I just wanted to share a sanding method I have not seen mentioned, or have run across on the tips site.

I was sanding my wraps between coats on rod's #2 & 3, and going through a lot of paper in the process. Being the frugal guy I am(cheap & cheaper as my wife refers to my father-in-law & myself, I was thinking there has to be a way not to burn through so much paper, as I was holding my popsicle stick wrapped with 600 grit wet/dry sandpaper. I tried the wet sanding method on a couple wraps and it seemed as though the sandpaper was not as aggressive, and did not clog up either, lasting quite a bit longer than dry paper and smoothing out the finish without taking off as much Urethane. It worked so well, I tried the same method in between coats on the entire rod. So far the finish is turning out much better than on my first rod. I'm going to apply one last coat, sand with 1500 grit(s), then buff out.

This may not be a "new" method, but the great thing about being new to this craft, this is a new discovery to me. If anyone else has done this, let me know what your preferred method is, or if there are any long term ill effects I'm not aware of.  (Chris Hei)


Some of the guys that have been around a while might already know this but, I just figured it out and it works like a charm... I was taking off the glue on a couple of blanks this morning and ran out of sandpaper ( I scrape with a card scraper then sand). I did have some 3M fine drywall screen and gave it a shot. The stuff worked great! Didn't have to scrape first and it doesn't load up like sandpaper.  (Mike Givney)

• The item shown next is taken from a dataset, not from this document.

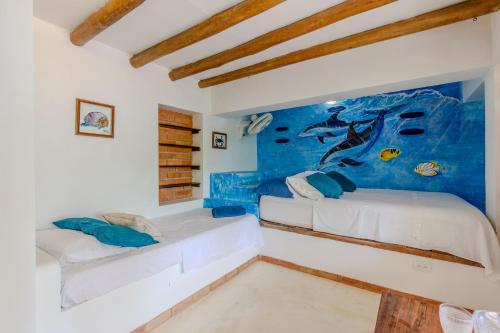 a bedroom with two beds and a painting on the wall at Casa Caracola in Tubará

    Have you been able to find the drywall sanding screen in a format fine enough for rod use?  If so, would you mind sharing your source?  Seems the smallest screen I can find is about 180 grit, and that's pretty coarse for actually sanding bamboo.  I find that anything more coarse than 400 will show up under a thin coat of varnish.  I have used the drywall sanding screens to rough out cork grips with good results, though.  (Harry Boyd)

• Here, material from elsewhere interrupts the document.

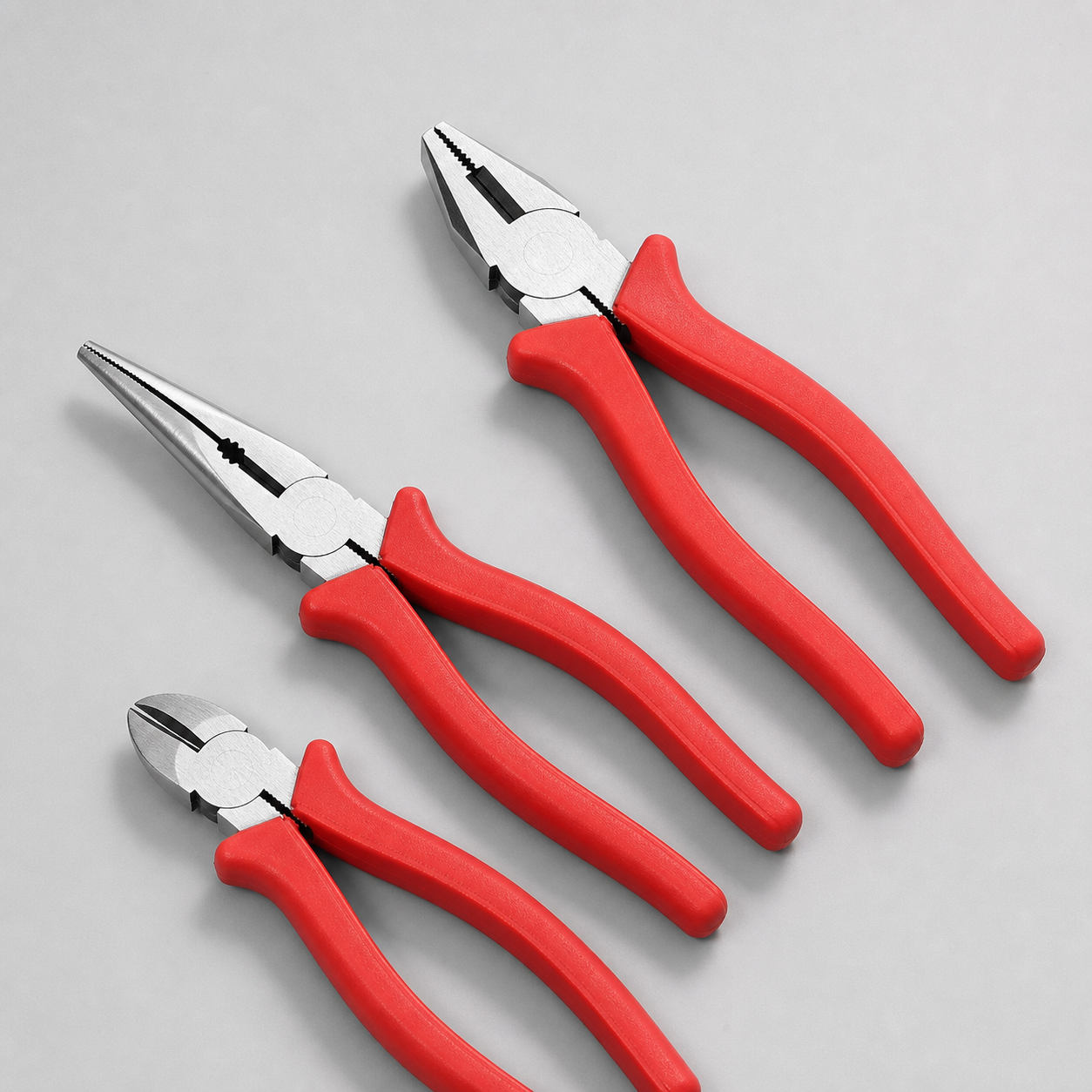 Unbranded three-piece CR-V workshop pliers collection on a studio background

      Thanks for the idea about shaping cork with the drywall sheets - I'll try it. As far as the "grit" of the sheets, the 180 is as fine as I have seen. The blanks were glued up with epon and had a pretty heavy residue. This is what I took off with the screen without actually taking any/little bamboo. I have gone back over the blanks with fine sandpaper to finish the work. The screening seemed to just peel off the glue without removing rod material.   (Mike Givney)


It's 11:13 on Tuesday night and I just finished sanding the glue off my first rod - I need to tell someone since my wife said it was "neat". 

It went amazingly well.  I made a PHY Midge with only 1 tip (I messed up too much of my first culm learning to split to get 2 tips).  This was supposed to be a practice rod, but so far it has turned out really nice.

I can't find any glue lines, my dimensions came pretty close on the tip(.005 big) and almost dead on the butt (.001 over), and it's a ton straighter than I expected. 

The tip is ridiculously small.  If I hadn't made it myself I would never believe that it's six strips put together.  Unbelievable.  Or as my wife would say "nice".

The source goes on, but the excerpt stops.